------ AVAILABLE DATA

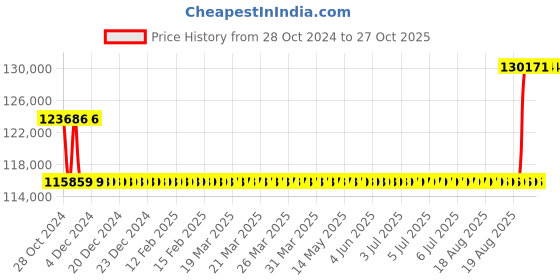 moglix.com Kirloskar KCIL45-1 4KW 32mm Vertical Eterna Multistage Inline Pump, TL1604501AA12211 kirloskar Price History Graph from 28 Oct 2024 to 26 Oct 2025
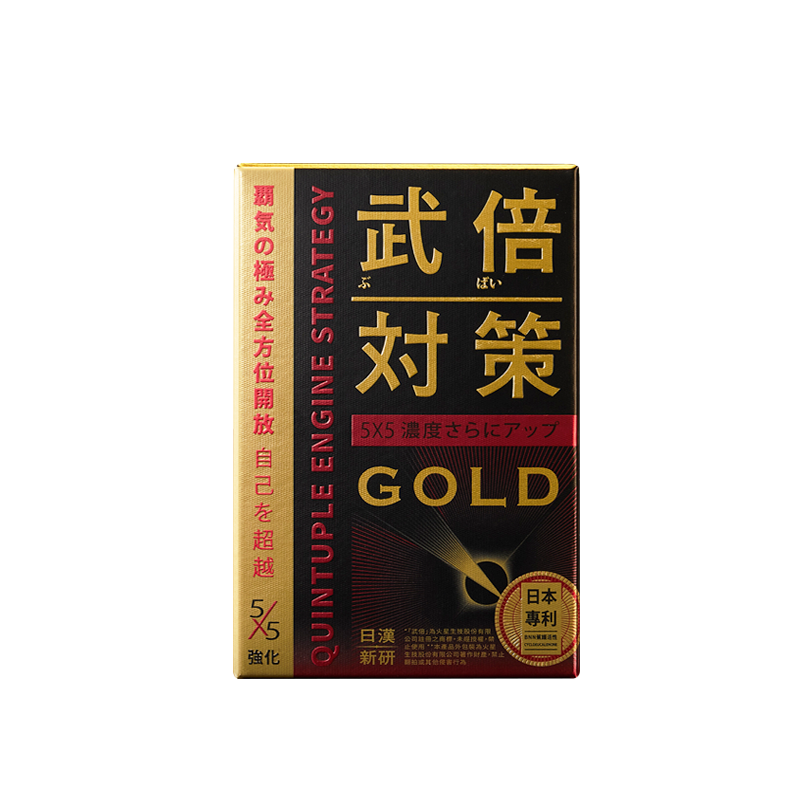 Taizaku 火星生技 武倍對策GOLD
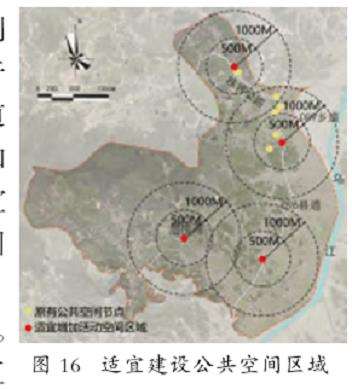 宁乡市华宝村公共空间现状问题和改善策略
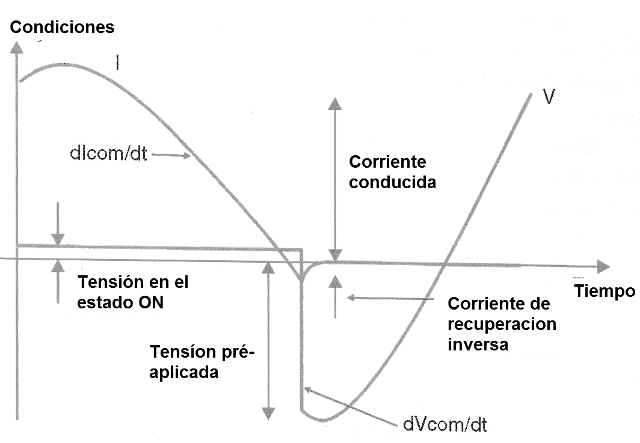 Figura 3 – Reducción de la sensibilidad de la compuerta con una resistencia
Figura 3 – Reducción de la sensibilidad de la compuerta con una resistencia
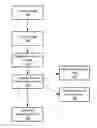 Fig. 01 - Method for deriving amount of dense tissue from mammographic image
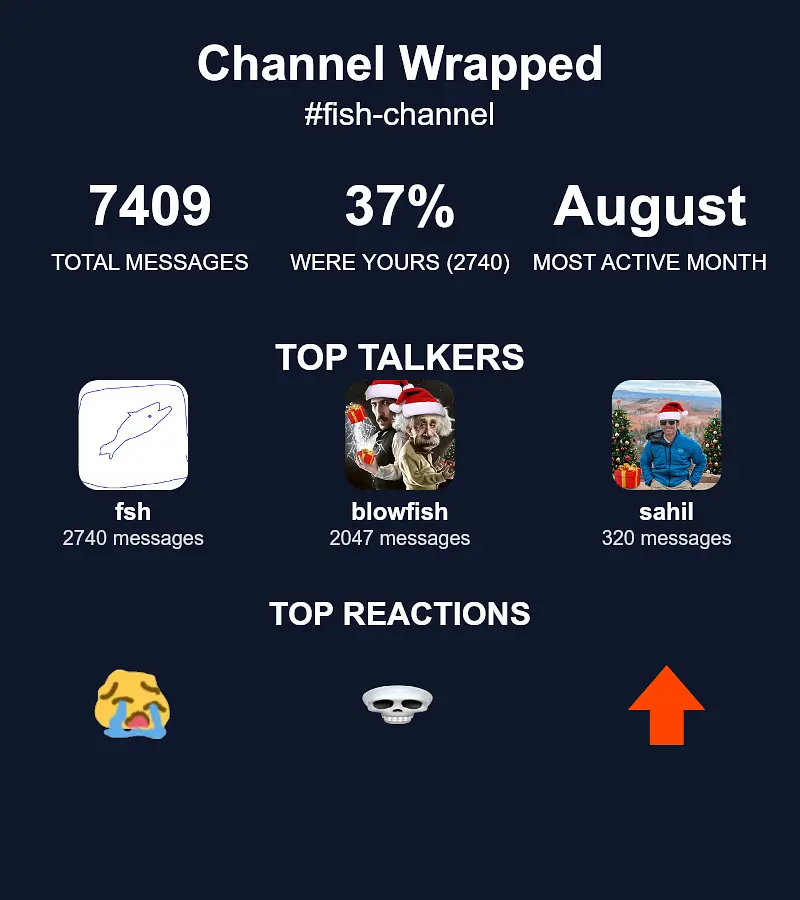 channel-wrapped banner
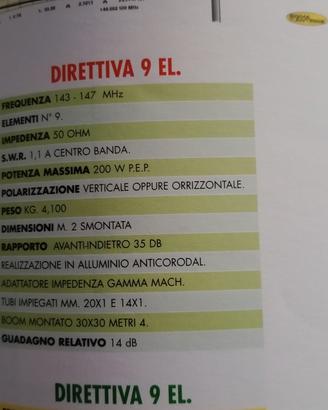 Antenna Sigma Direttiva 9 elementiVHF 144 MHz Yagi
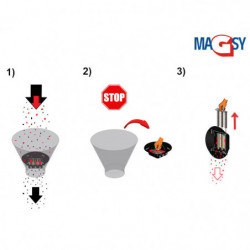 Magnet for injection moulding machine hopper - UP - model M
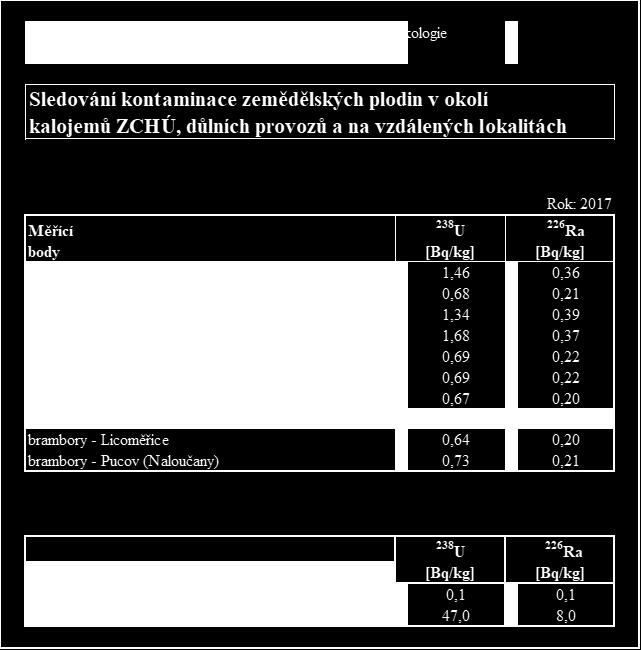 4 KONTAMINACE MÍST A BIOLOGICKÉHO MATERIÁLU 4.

------------

• YOUR INSTRUCTIONS
Only the lines from the top of the material above down to the line bearing "channel-wrapped banner", that line included, should be set down exactly; no pictures.

• RESPONSE AREA
 moglix.com Kirloskar KCIL45-1 4KW 32mm Vertical Eterna Multistage Inline Pump, TL1604501AA12211 kirloskar Price History Graph from 28 Oct 2024 to 26 Oct 2025
 Taizaku 火星生技 武倍對策GOLD
 宁乡市华宝村公共空间现状问题和改善策略
 Figura 3 – Reducción de la sensibilidad de la compuerta con una resistencia
Figura 3 – Reducción de la sensibilidad de la compuerta con una resistencia
 Fig. 01 - Method for deriving amount of dense tissue from mammographic image
 channel-wrapped banner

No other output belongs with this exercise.